Boucle sur écran | 09:00 |
je criais contre la vie. ou pour elle.
Je criais contre la vie, ou pour elle, véritable symphonie en sépia innove, son auteure, Vergine Keaton, historienne d’art et animatrice française, démontre qu’elle a plus d’un tour dans son plumier.
Elle dépeint une chasse à courre à l’anglaise, scène forestière traditionnelle qu’elle rompt puisque lorsque le ciel assombri se dégage, les cerfs se retournent contre les chiens, les chasseurs devenant les chassés.
Je criais contre la vie, ou pour elle s’inspire du mythe d’Antigone, réinterprétée par le traducteur Henri Bauchau comme un rêve de l’héroïne éponyme. Vergine Keaton dépasse un simple emprunt, elle y introduit le cycle avec la référence au dicton Post nubila, Phoebus – Après la pluie, le beau temps, la régénération avec la mue des cerfs. Et ces renversements s’opèrent en un travail soigné et précis de déconstruction et de recomposition d’authentiques gravures du XIXe siècle alors que la musique porte le « cri » du titre. Signée Vale Poher, la partition adopte une toccata avec des accords électriques évocateurs de Pink Floyd. Obstinata, elle entraîne en modulations rythmiques, une étonnante chorégraphie de la flore et de la faune, à la Bewick ou à la Escher. Ainsi la constance du profil des animaux emporte en dynamisme les gravures classiques et le vol des corbeaux évoquant la géométrie d’Escher font un va-et-vient incessant entre les deux pôles de cette vision naturaliste : la célébration de la nature splendide et l’horreur de sa force chaotique et impitoyable. Je criais contre la vie, ou pour elle : le titre, provenant du texte de Bauchau, porte cette résolue indécision et cette dualité.
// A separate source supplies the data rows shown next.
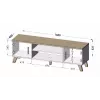 Suporte de TV para cama LOTTA 160 2D2K carvalho wotan/preto mate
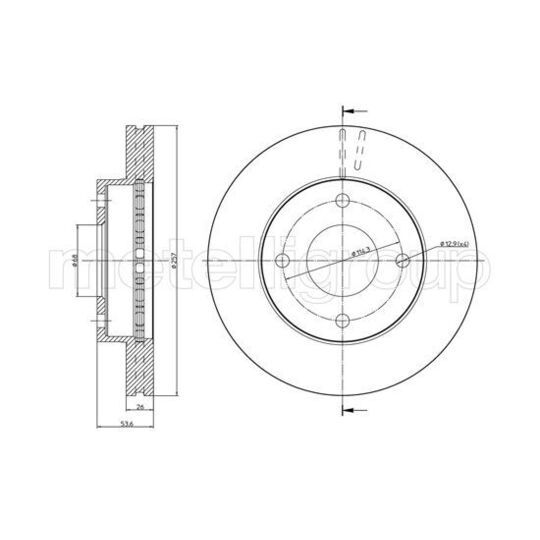 23-1303 - Brake Disc 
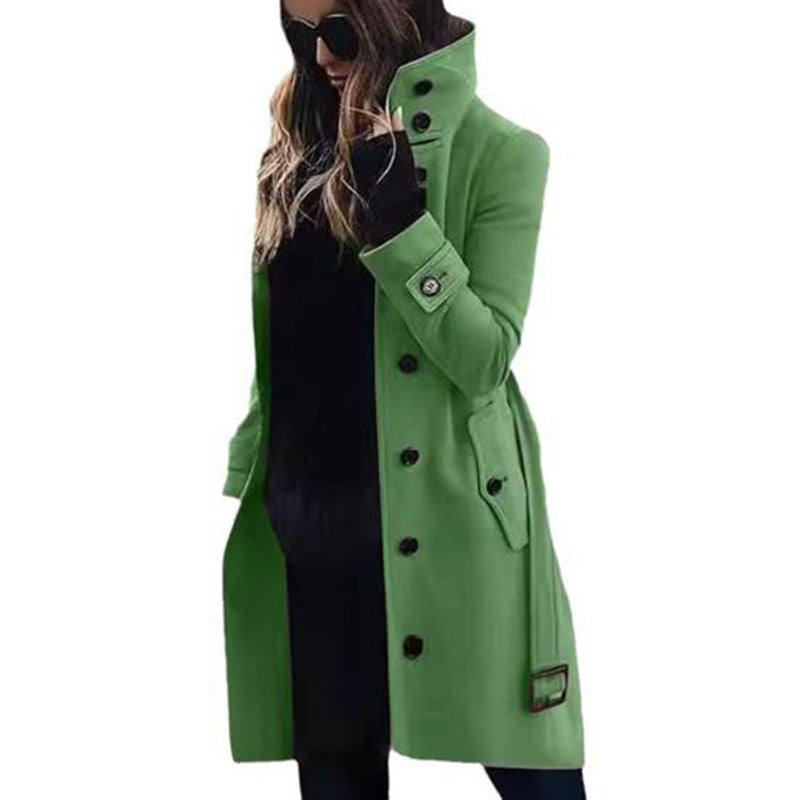 IvyShape | Slim Fit Woolen Coat for Women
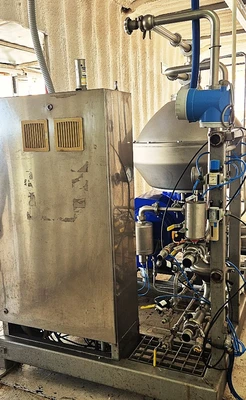 Alfa-Laval CLARA 200 hermetic clarifier module, 316SS.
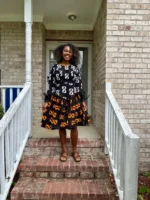 African Prints Ankara 2 Tones Afro Jemima Fit and Flare - Image 7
La force de ce film énigmatique et saisissant émane de son style singulier. Entre la stase sobre du dessin, l’adresse inattendue des mouvements saccadés et la limpidité de l’eau délicatement animée, il atteste son adéquation réussie entre la recherche esthétique formelle et les bribes narratives bien menées. Unissant l’original et le familier, « Je criais » anime cette sensation, le film s’avérant la suite logique de la gravure.